Crawled caption data
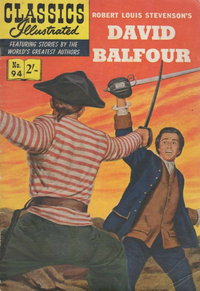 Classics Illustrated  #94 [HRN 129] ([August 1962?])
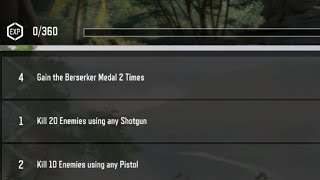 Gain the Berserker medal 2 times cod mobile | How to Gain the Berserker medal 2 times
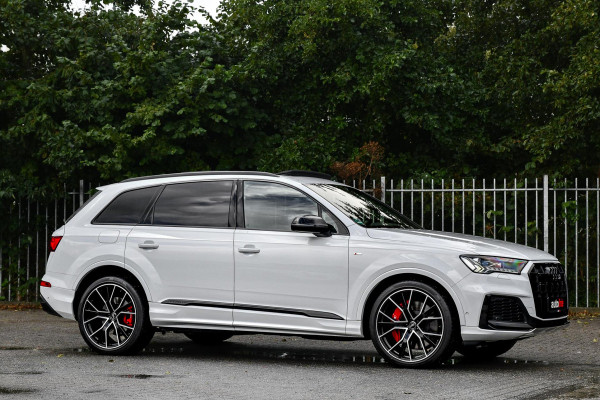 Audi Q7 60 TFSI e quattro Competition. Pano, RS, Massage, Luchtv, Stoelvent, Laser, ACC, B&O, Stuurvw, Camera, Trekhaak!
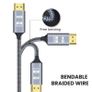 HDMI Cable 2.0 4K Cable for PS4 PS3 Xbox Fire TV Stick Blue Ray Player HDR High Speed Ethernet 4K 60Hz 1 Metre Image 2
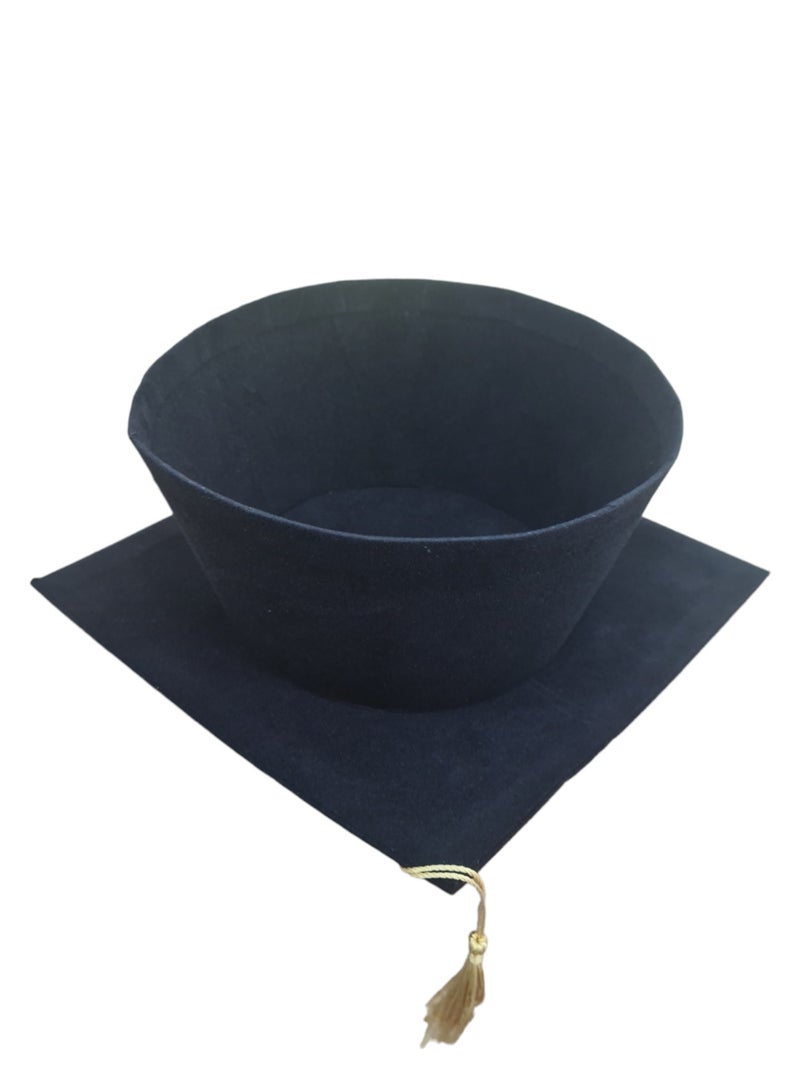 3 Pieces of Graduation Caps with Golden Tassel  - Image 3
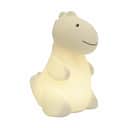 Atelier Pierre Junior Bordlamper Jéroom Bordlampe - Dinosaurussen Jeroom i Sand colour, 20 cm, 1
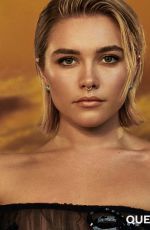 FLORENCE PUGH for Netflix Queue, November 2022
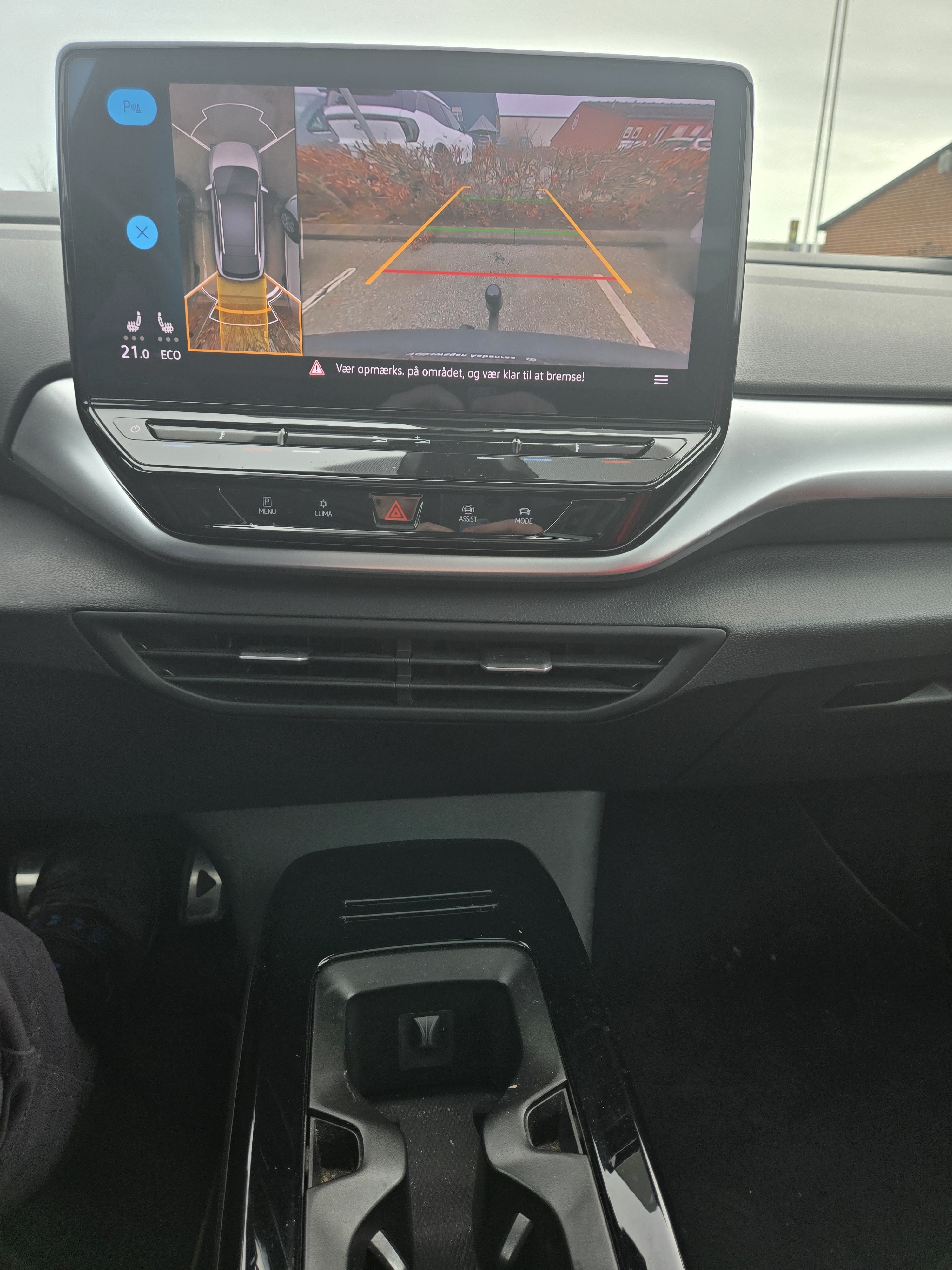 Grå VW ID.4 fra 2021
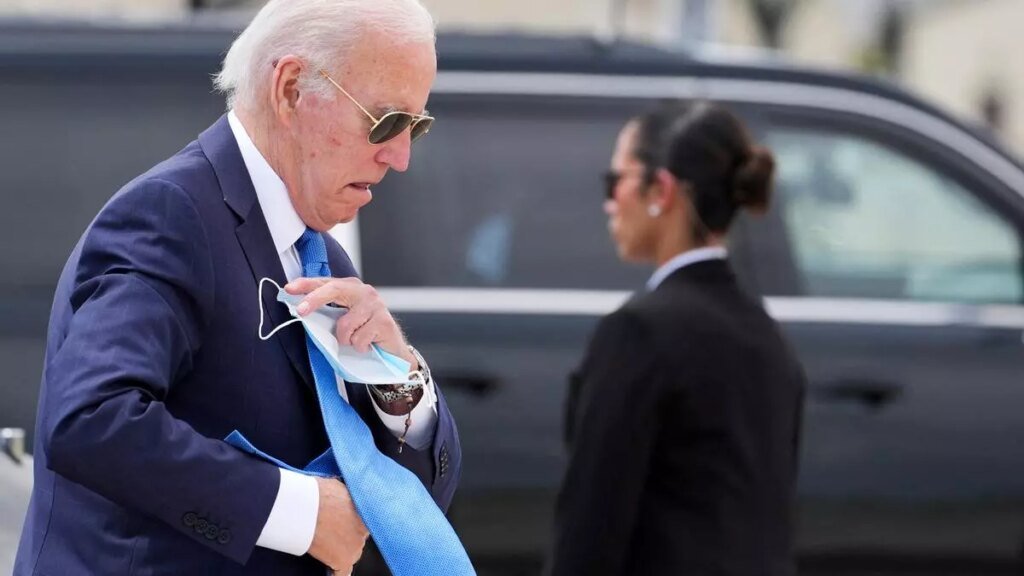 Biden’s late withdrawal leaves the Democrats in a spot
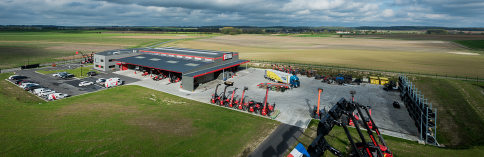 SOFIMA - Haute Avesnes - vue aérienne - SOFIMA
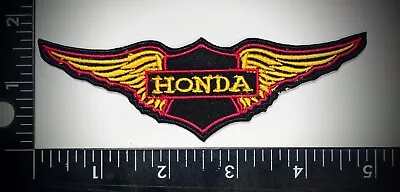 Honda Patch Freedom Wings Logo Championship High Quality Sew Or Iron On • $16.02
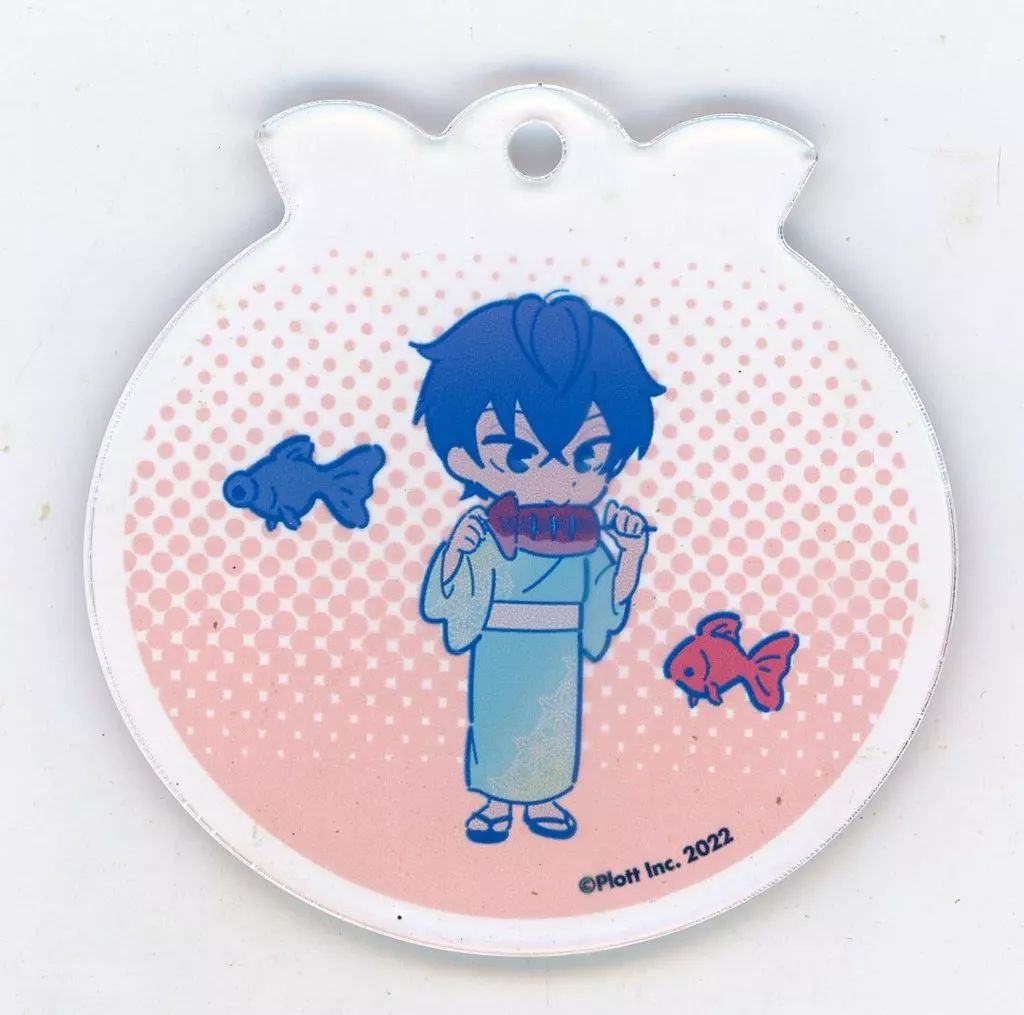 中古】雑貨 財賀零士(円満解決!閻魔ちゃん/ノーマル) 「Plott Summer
* * *
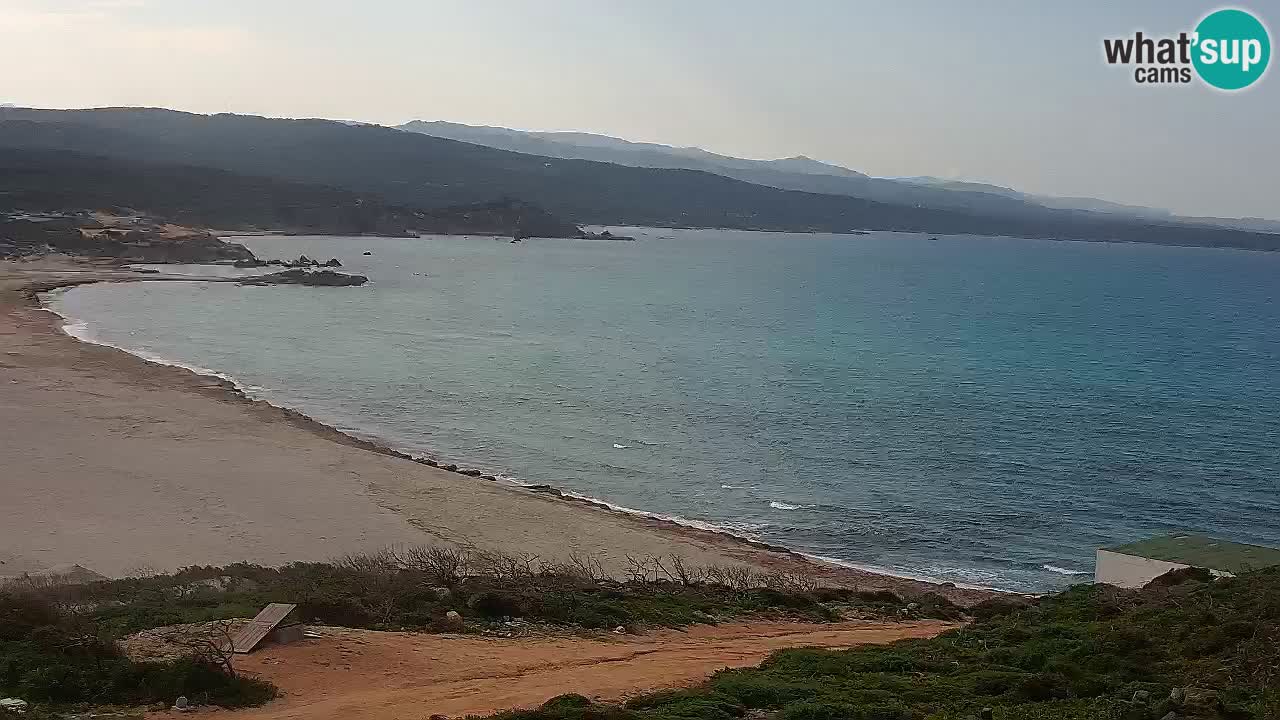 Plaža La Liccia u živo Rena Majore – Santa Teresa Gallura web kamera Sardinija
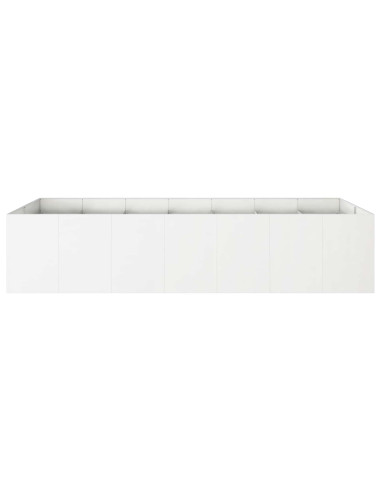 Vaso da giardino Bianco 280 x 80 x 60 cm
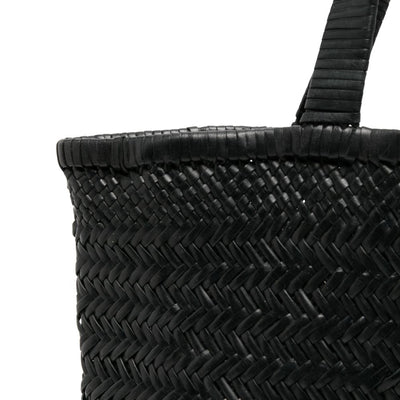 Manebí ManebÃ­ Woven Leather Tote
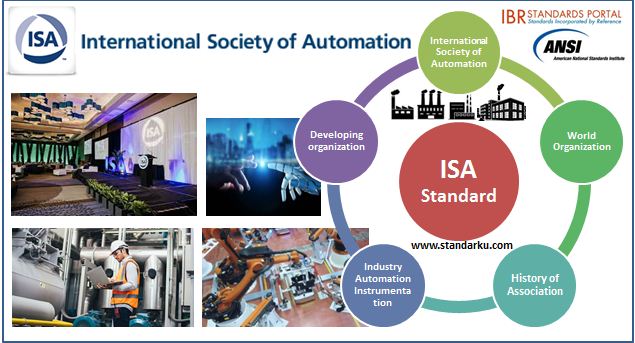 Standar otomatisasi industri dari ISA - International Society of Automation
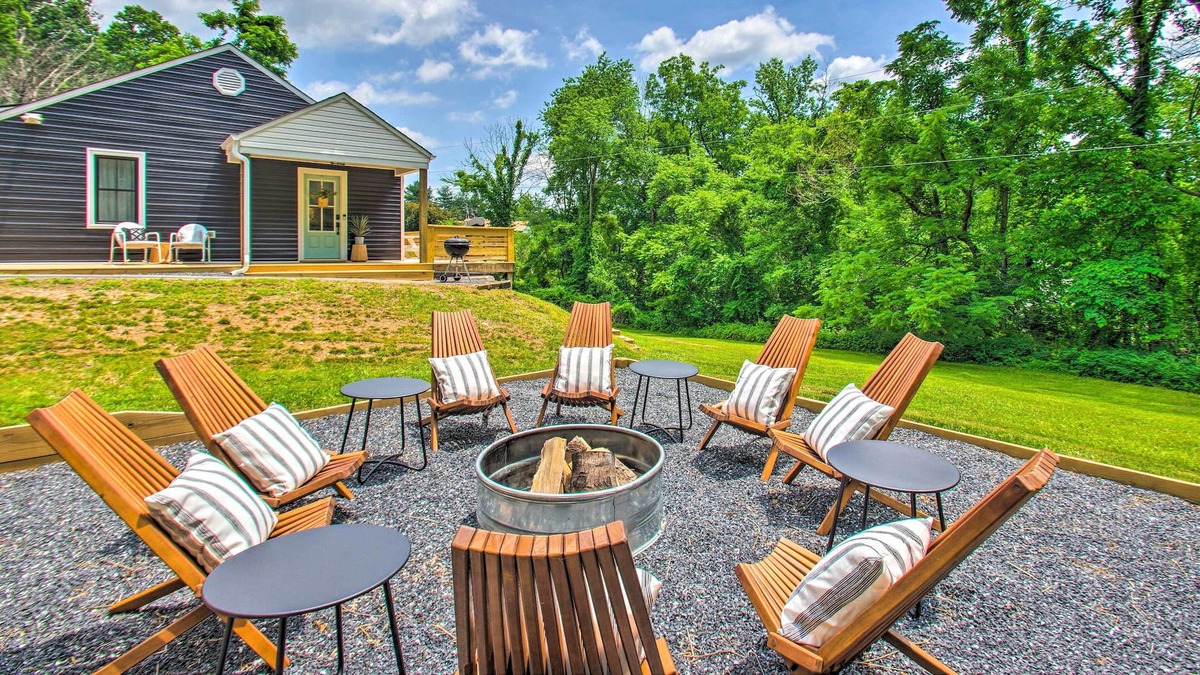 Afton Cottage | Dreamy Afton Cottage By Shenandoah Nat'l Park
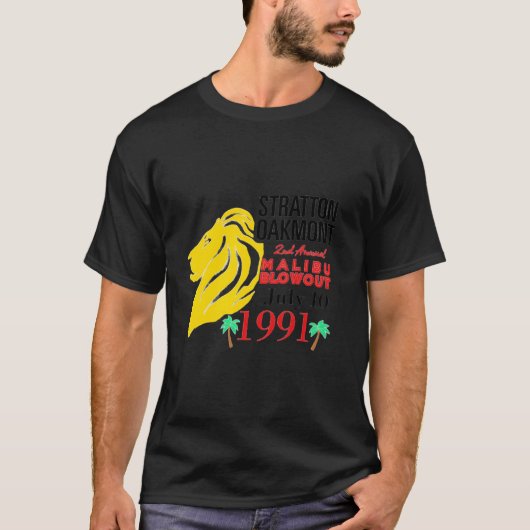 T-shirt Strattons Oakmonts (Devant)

* _Work to be completed_: Output only the stretch above from the line with "Vaso da giardino Bianco 280 x 80 x 60 cm" through the line with "T-shirt Strattons Oakmonts (Devant)", reproduced exactly. Exclude pictures.

* _Response for this exercise_:
 Vaso da giardino Bianco 280 x 80 x 60 cm
 Manebí ManebÃ­ Woven Leather Tote
 Standar otomatisasi industri dari ISA - International Society of Automation
 Afton Cottage | Dreamy Afton Cottage By Shenandoah Nat'l Park
 T-shirt Strattons Oakmonts (Devant)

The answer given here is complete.